Teaching Mommy to Read

Posted by Meghan

What a delight it is to watch your own kids learn to read- and how completely fascinating to realize that reading isn’t just how I think of it (currently, that’s furtively, on the couch, speedreading something easy and fun like the latest Robert Parker while the kids nap).

Both Molly and Jacob (newly 2!) have been “reading” books on their own for a month or two.  This consists of taking the books we read hundreds of times a week, and reading back to me what they’ve memorized for each page.  This includes the shortening or editorializing they’ve heard from their parents.  I was pretty amazed by this (especially when Jacob shook his finger at David in No, David and said, “That’s it mister, you stay after school!”), and thought this was pretty much the way they’d “read” until they actually learned to read.  But they’ve incorporated other things as well, that awed me, and made me realize I was thinking about things all wrong, in terms of putting reading in quotes and thinking that recognizing the letters and words on the pages was real reading.

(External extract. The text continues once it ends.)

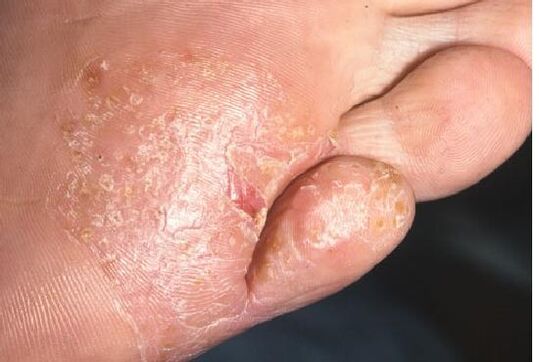 Manifestações de uma infecção fúngica na pele do pé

They are really reading.  Memorization is a form of reading.  It’s reading when Molly goes through a whole book and tells us the background color of each page.  She’s absolutely getting meaning and enjoyment from the book.  (Probably more than when I skim…) When Jacob reads the book backwards (which he’s been doing lately with The Little Fire Engine), he’s looking not for the narrative I would look for, but for how the fire engine works- and he wants to start with the fire.  Makes sense.

And they’ve been adding their own storytelling into the mix this week.  When Jacob reads Trucks, Trucks, Trucks, he inserts his own experiences into the last page.  Matt and his mother go out in the real world to see real trucks, and Jacob says, “Mommy shower, and they go out.”  (I think he’s heard a few too many times at our house, “First Mommy has to shower and then we can do X.”)

Molly read The Three Bears to me, which starts, “Once upon a time, [there were] three little bears.”  Then she read The Tale of Peter Rabbit, beginning: “Once upon time, three little bunnies.”  I tried gently correcting her, by saying things like, “Yes, there were three good little bunnies and Peter.  There were four little bunnies.” And she kept repeating “Once upon time, three little bunnies.”  Then I got it.  I heard her reading Spicy Hot Colors, by saying, “Once upon time, three little colors.”  She reads every book now with a proper beginning (Once upon a time, there were three little…) and ending (The End).  The most jaw dropping was when she picked up my book and began reading, “Once upon time, three little words…”

Just when I thought I’d be teaching my kids to read, I realized they were the ones teaching me all about reading.